ASSIGNED TASK -> Look through the listing below for the line with "Space-Linkor preview image 3" and the line with "Photo aérienne - 2692". Copy both, along with every line between them, exactly and with no pictures.

THE DATA ->
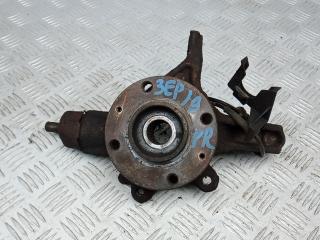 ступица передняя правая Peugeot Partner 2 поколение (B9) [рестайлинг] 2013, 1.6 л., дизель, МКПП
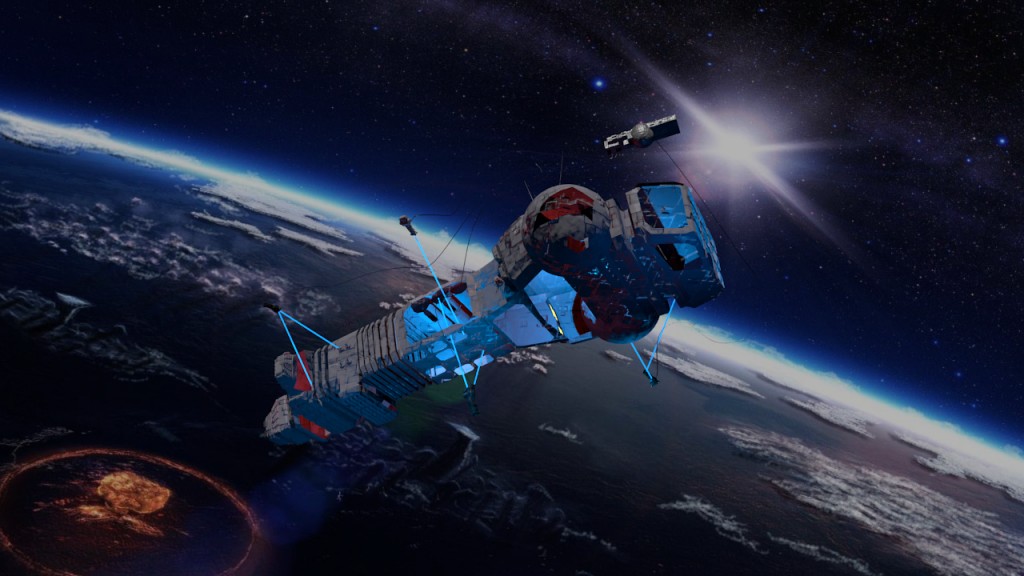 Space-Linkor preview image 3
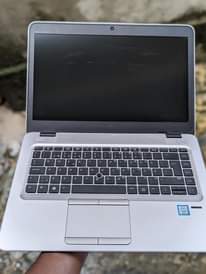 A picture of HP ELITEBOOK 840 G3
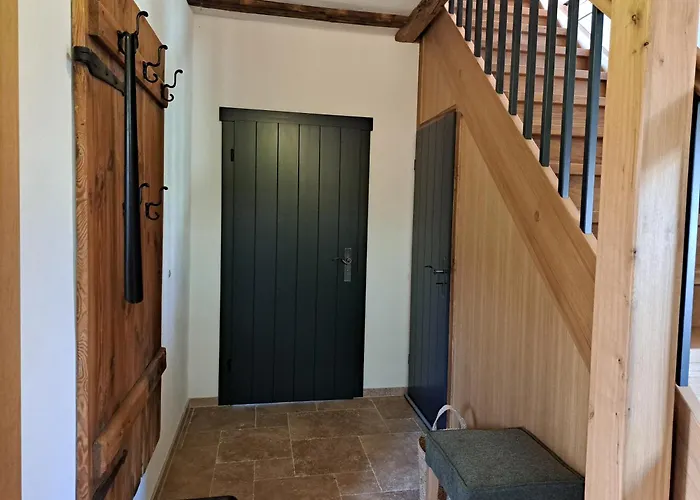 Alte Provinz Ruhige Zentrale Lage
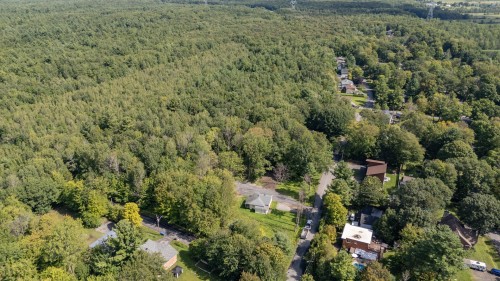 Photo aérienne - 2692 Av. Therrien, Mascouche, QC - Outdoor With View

--

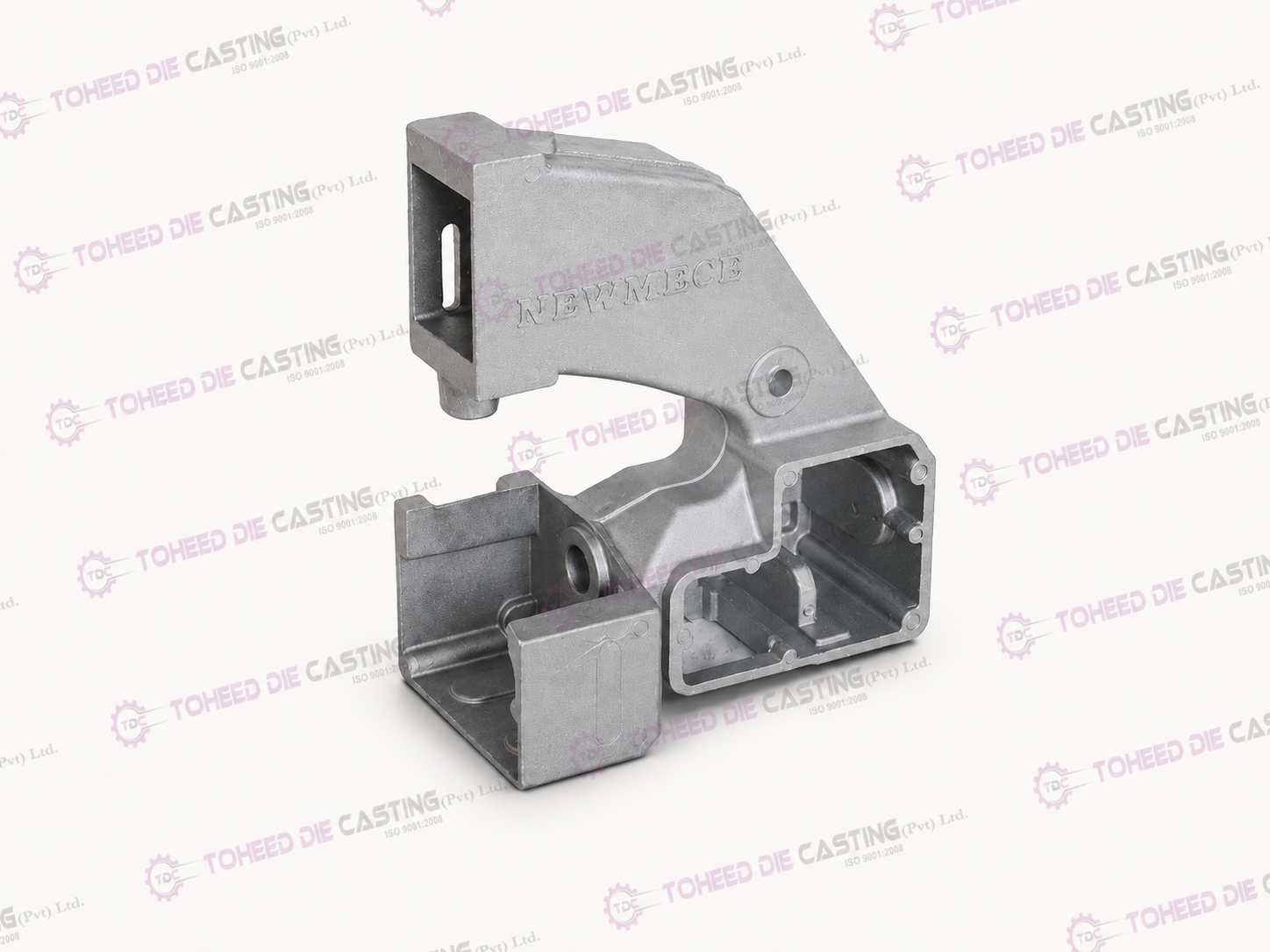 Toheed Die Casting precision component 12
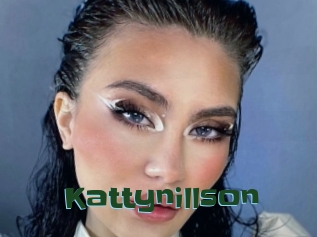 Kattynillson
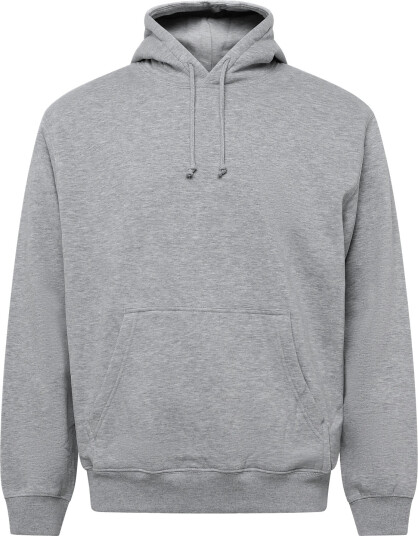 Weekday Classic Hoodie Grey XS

ANSWER SECTION ->
 Space-Linkor preview image 3
 A picture of HP ELITEBOOK 840 G3
 Alte Provinz Ruhige Zentrale Lage
 Photo aérienne - 2692 Av. Therrien, Mascouche, QC - Outdoor With View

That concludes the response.